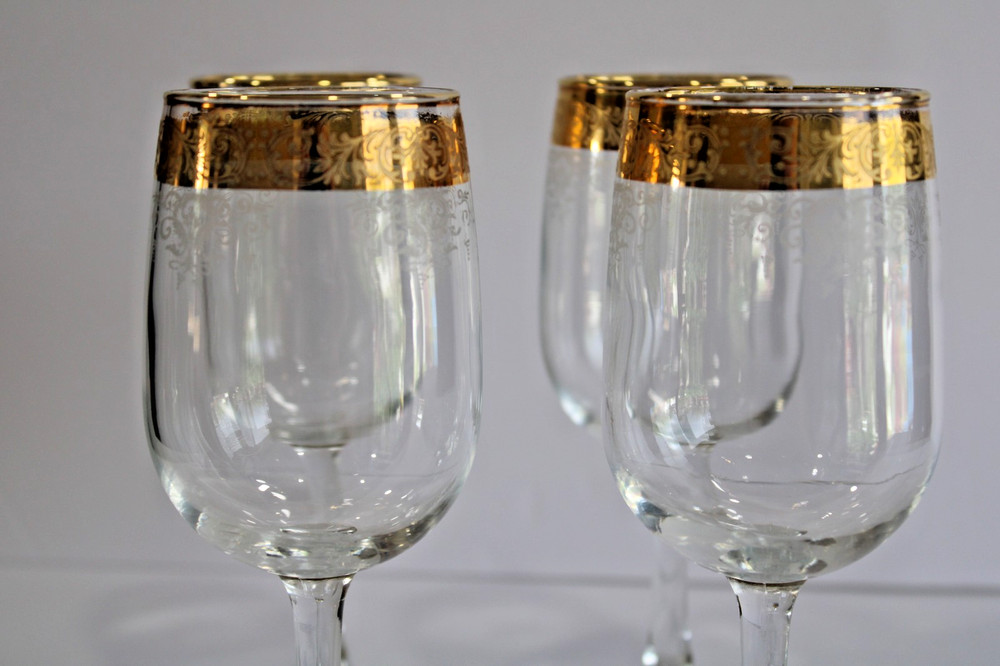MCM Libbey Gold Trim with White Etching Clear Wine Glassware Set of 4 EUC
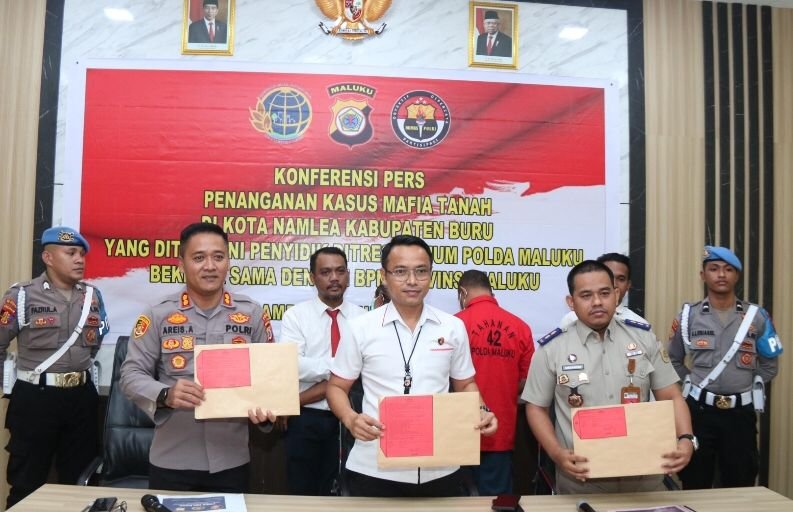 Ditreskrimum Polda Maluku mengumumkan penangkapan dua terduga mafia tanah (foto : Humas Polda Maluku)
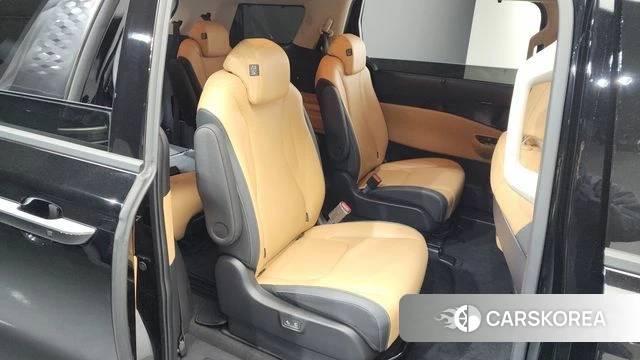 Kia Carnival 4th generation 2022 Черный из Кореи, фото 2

----

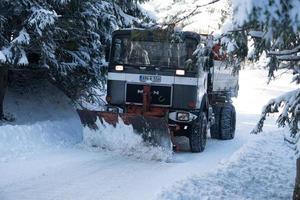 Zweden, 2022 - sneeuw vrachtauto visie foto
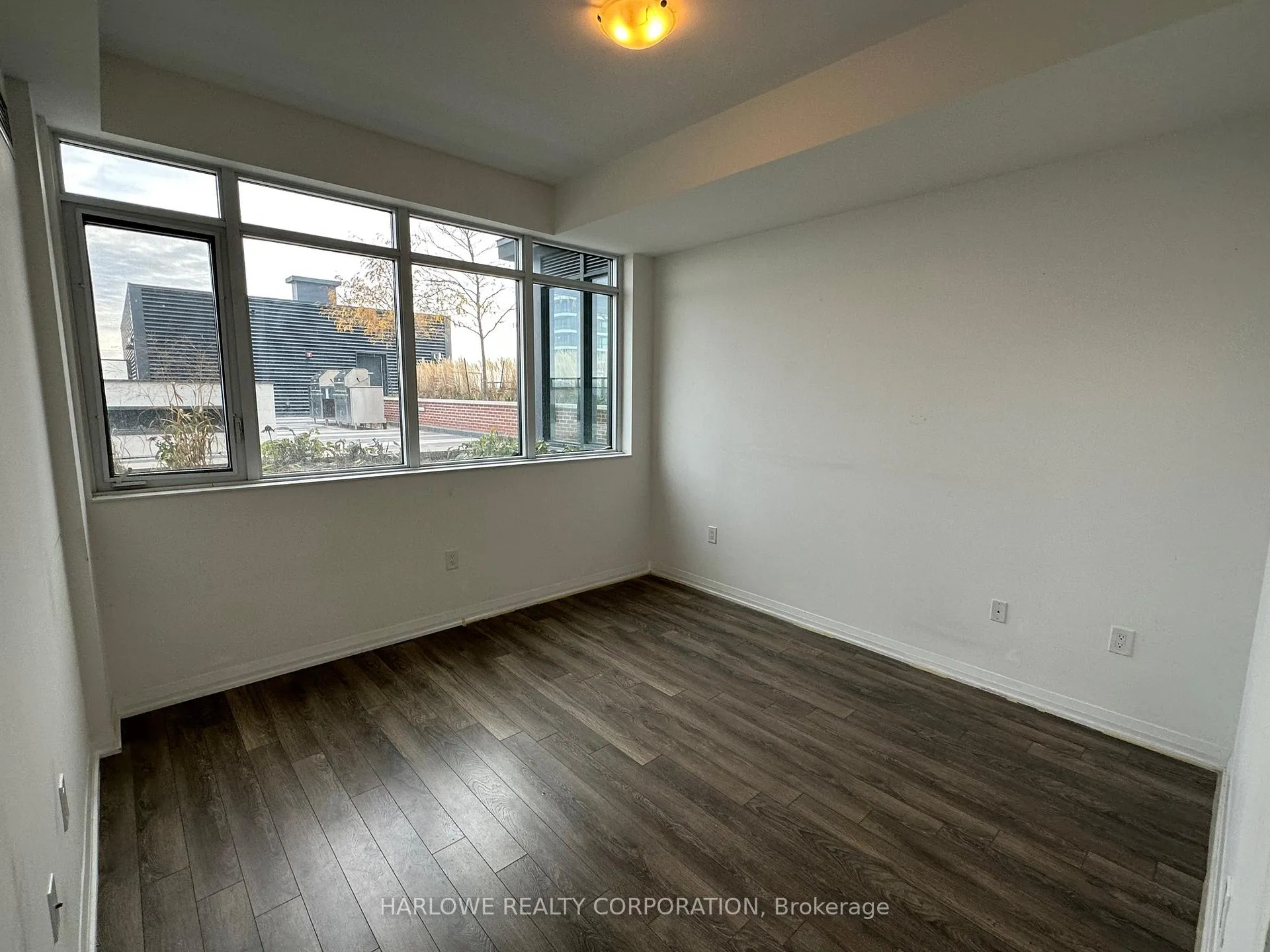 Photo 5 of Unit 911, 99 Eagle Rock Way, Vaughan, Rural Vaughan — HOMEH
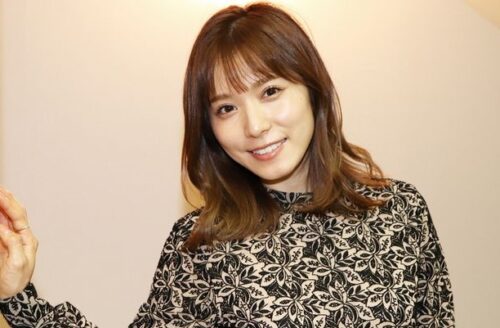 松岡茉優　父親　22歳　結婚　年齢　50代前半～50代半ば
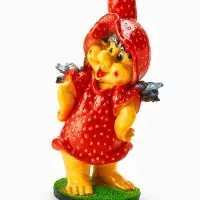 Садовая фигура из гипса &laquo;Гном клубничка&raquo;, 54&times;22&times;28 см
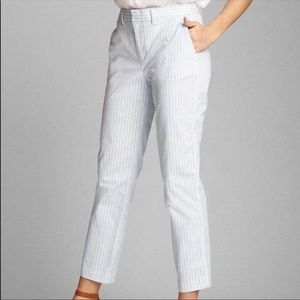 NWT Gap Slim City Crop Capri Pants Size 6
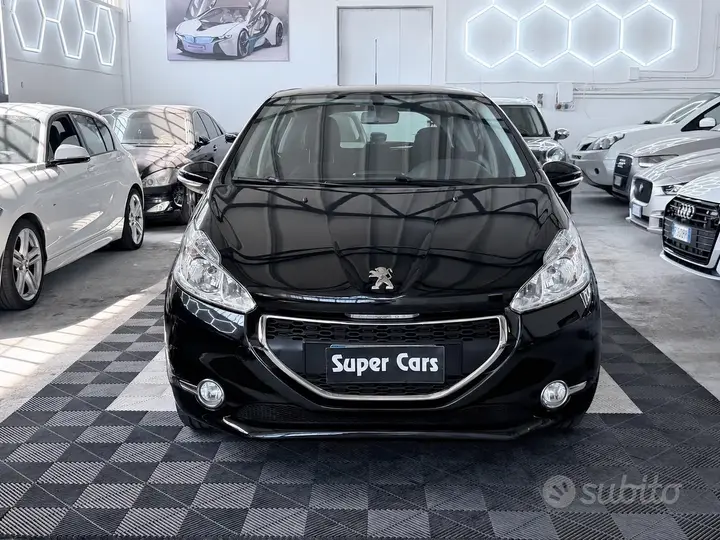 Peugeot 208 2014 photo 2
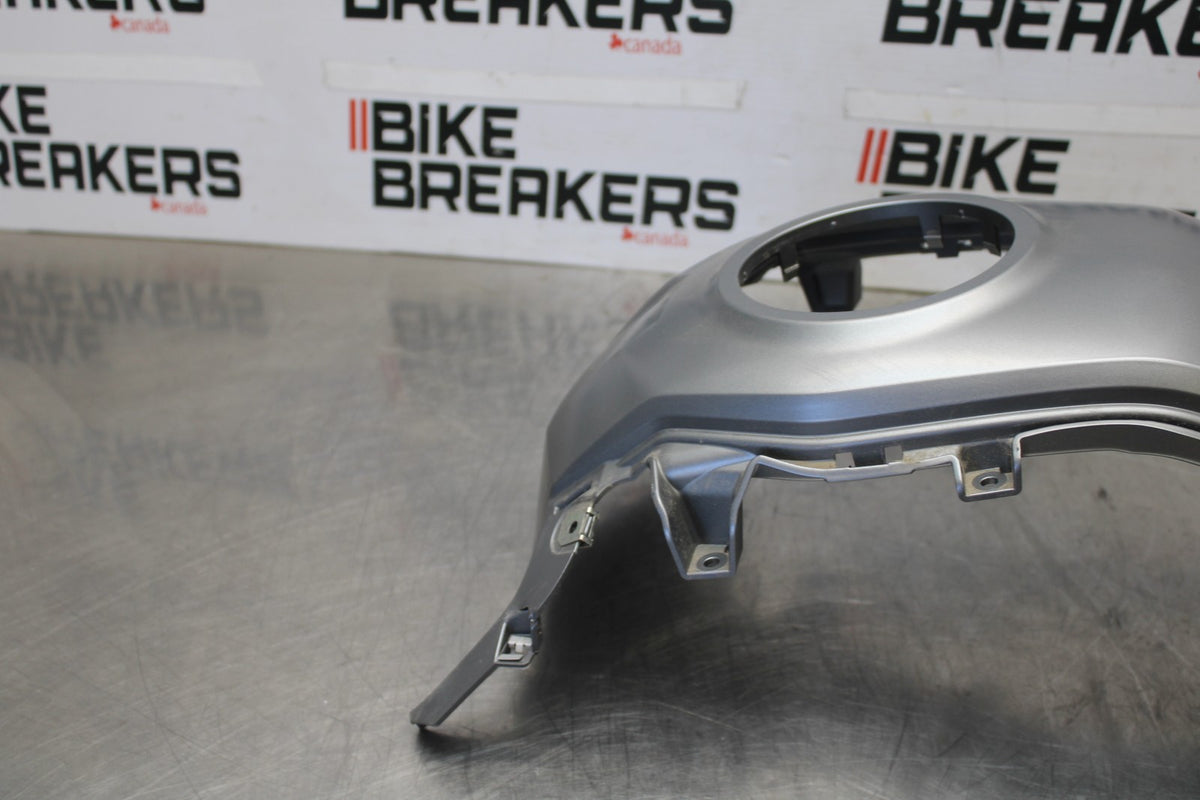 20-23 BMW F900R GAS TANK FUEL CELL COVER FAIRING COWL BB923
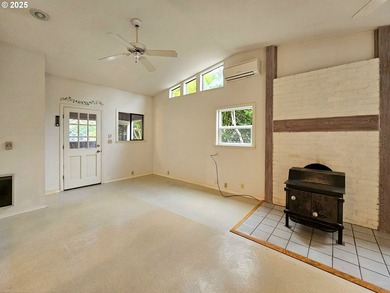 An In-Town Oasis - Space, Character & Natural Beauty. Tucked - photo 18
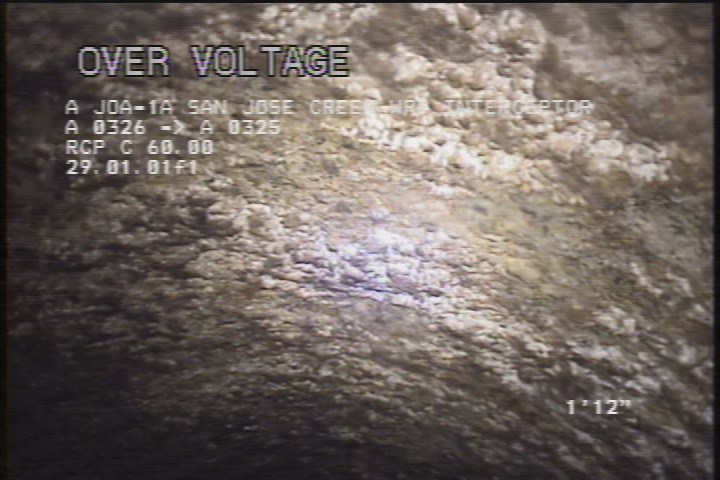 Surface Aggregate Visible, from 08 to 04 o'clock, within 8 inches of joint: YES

----

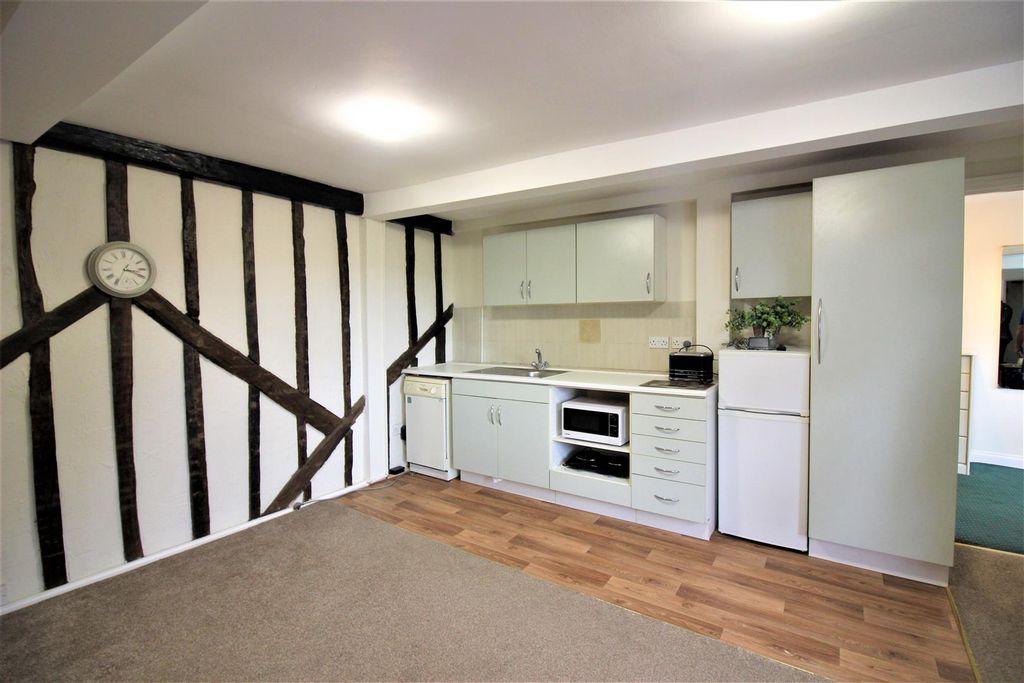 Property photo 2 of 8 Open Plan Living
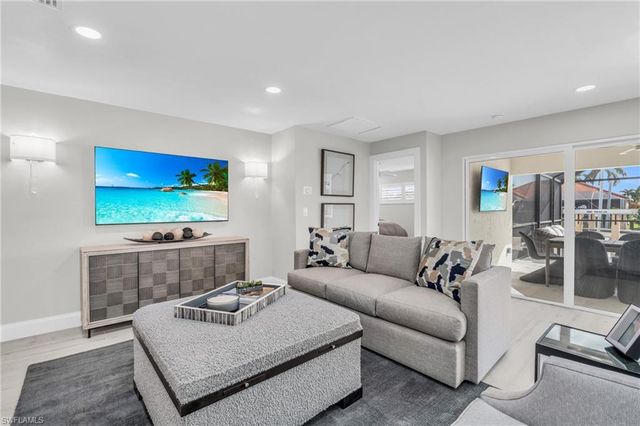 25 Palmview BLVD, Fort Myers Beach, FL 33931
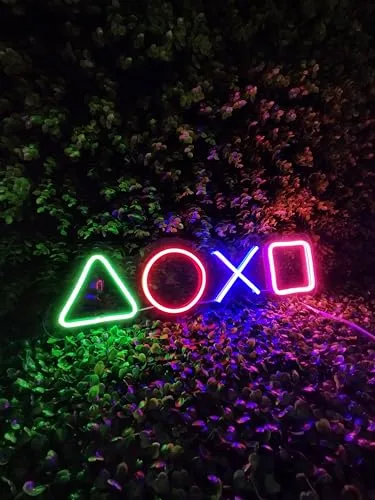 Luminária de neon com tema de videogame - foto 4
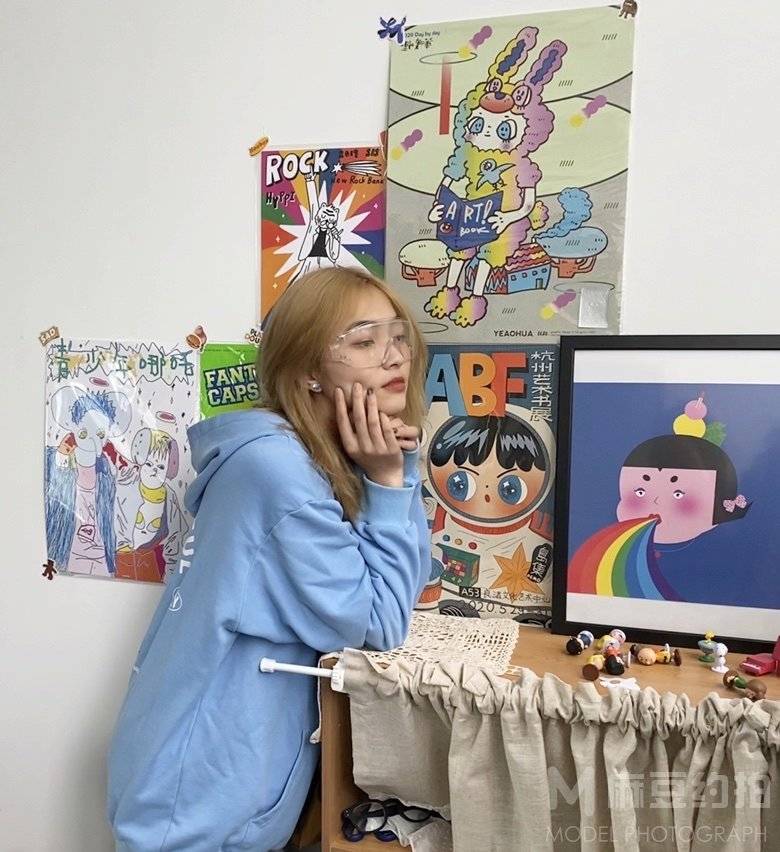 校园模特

----

Exactly the lines above, from the one containing "MCM Libbey Gold" down to the one containing "Kia Carnival 4th", are to be repeated, including both ends. Pictures are not part of the copy.

MCM Libbey Gold Trim with White Etching Clear Wine Glassware Set of 4 EUC
 Ditreskrimum Polda Maluku mengumumkan penangkapan dua terduga mafia tanah (foto : Humas Polda Maluku)
 Kia Carnival 4th generation 2022 Черный из Кореи, фото 2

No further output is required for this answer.